In Ukraine, Rivals Unite Over Russian Gas

By Philip P. Pan
Washington Post Foreign Service
Friday, January 2, 2009

MOSCOW, Jan. 1 -- Ukraine's feuding leaders united behind a common negotiating position and held firm in their fuel standoff with Moscow on Thursday as Russia followed through on a threat to halt all shipments of natural gas to the country.

The cutoff began as scheduled at 10 a.m. after talks over energy prices broke down the night before. The European Union -- which gets a quarter of its natural gas from Russia, most of it through Ukraine's pipelines -- expressed concern and urged the neighboring nations to resume discussions.

Gazprom, the Russian gas monopoly, said it was increasing shipments intended for its European customers in an attempt to prevent any midwinter disruption in heating and electricity service caused by its suspension of supplies for Ukraine.

A similar cutoff in 2006 caused pressure in pipelines to fall and resulted in fuel shortages in several parts of Europe. But analysts said most countries have enough gas stockpiled this winter to last several days without fresh supplies from Russia.

Energy firms in several European nations said they saw no drop in supplies as a result of the Russian embargo against Ukraine. The Ukrainian government, which said it had enough gas in reserves to last through early April, reported that domestic consumers were not immediately affected either.

The dispute revolves around Russia's demand that Ukraine pay higher prices for gas this year and cover more than $2 billion in debt for gas it purchased in 2008. But talks have been complicated by the Kremlin's strained relations with Ukraine's pro-Western government and by an intense rivalry between Ukraine's president, Viktor Yushchenko, and its prime minister, Yulia Tymoshenko.

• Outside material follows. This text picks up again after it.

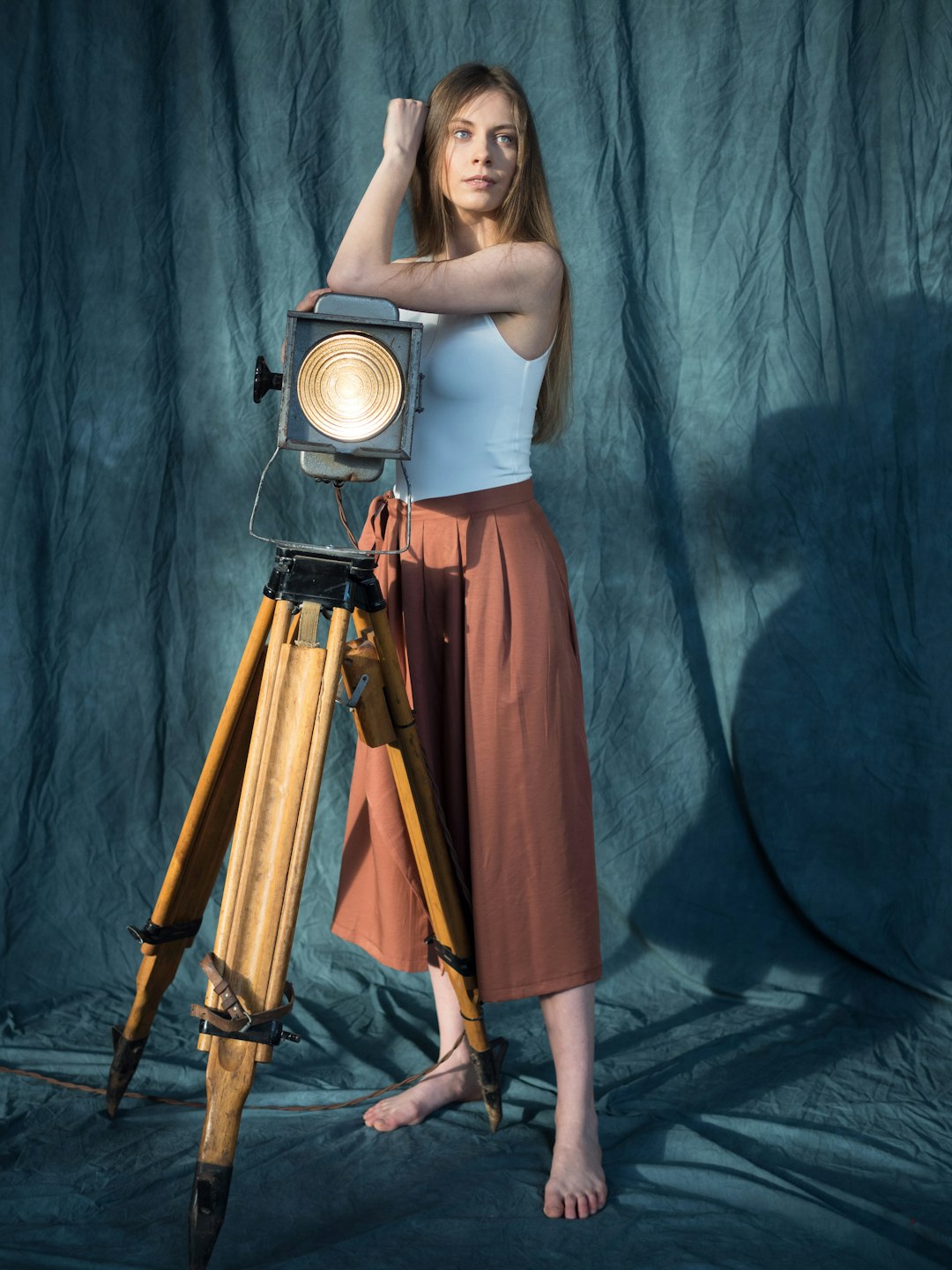 woman in white tank top and orange skirt standing beside black and brown tripod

The two officials, allies in the 2004 demonstrations known as the Orange Revolution, are expected to compete for the presidency in October and have accused one another of mishandling the gas dispute while maneuvering to take credit for winning concessions from Russia.

But in a joint statement issued Thursday, Yushchenko and Tymoshenko agreed on an offer to Russia of $201 per 1,000 cubic meters of natural gas, up from the $180 that Ukraine paid last year. They also demanded that Russia pay higher fees to use Ukrainian pipelines for its shipments to the rest of Europe.

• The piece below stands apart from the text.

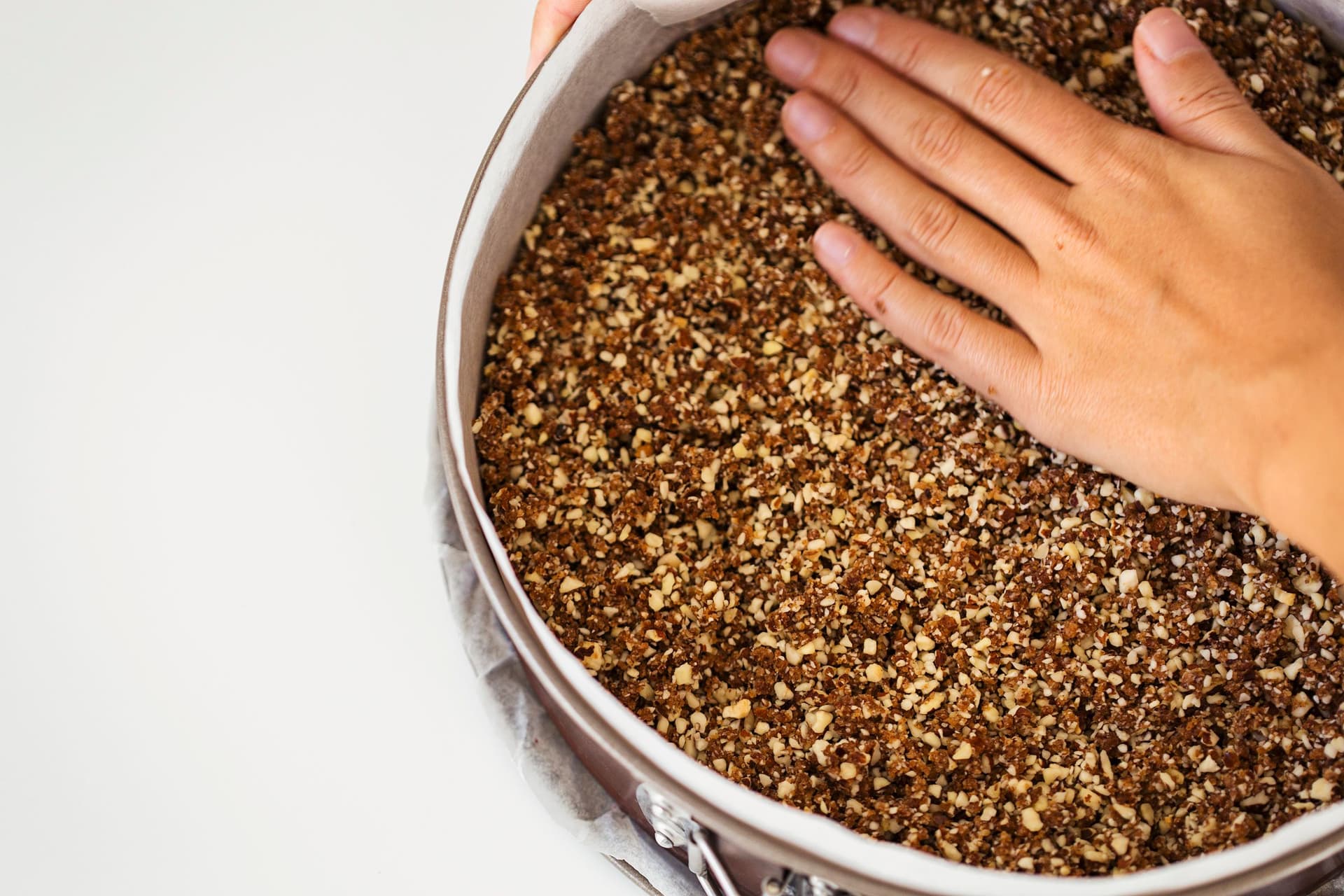 Mão a pressionar a base do cheesecake numa forma de aro removível.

"I am sure that a few more days will pass, and we will complete these complex talks," Yushchenko said in a statement, predicting a deal by Christmas, which will be celebrated Wednesday in the Eastern Orthodox Church.

Oleh Dubyna, chairman of Ukraine's state energy firm, Naftogaz, appeared to improve the offer later in the day, saying at a news conference that the firm was willing to pay $235 per 1,000 cubic meters of gas.

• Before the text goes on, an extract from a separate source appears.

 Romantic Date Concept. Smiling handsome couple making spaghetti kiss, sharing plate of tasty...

Russian Prime Minister Vladimir Putin had set a price of $250, describing it as a "humanitarian" gesture to a neighbor during an economic crisis. But Gazprom chief executive Alexei Miller said Thursday that the company was now asking for $418 because Ukraine had turned down that offer.

Gazprom's European customers generally pay more than $400, though gas prices are expected to fall sharply in the spring because they are tied to the price of oil, which has plummeted.

Putin has condemned Ukraine's attempt to charge more for use of its pipelines, arguing that fees were set in a separate contract that remains in effect until 2010. Gazprom pays $1.70 for every 1,000 cubic meters of gas delivered through 62 miles of pipeline, a rate it says is "comparable" to what it pays other European countries.

But Yushchenko and Tymoshenko said the fee is half what others charge, and they demanded it be raised to $2 to cover the cost of maintaining the pipelines. Dubyna later said Ukraine would accept $1.80.

Sergei Kupriyanov, a spokesman for Gazprom, said the fee was not negotiable. "The transit agreement was signed, the rate is set and there is nothing more to discuss," he told Echo Moskvy radio. He added that Gazprom was doing all it could to avoid a disruption in supplies for Europe but complained that Ukraine was refusing to let auditors determine whether it was stealing supplies meant for Europe.

Dubyna said Ukraine was not legally required to do so. He acknowledged that Naftogaz was siphoning off some gas intended for Europe but said that was only to maintain pressure in the pipeline and ensure smooth delivery. Ukraine has repeatedly pledged not to disrupt deliveries to Europe.

Kupriyanov also accused Ukraine of provoking the crisis for political reasons, a charge that was made repeatedly Thursday by pundits on state-controlled media.

"It's not a question of the conditions or prices that were discussed," he said. "The purpose was to drag out the conflict to the utmost, to start the new year without contracts, without deliveries. . . . Any problems are to their benefit because they can shift the blame on us."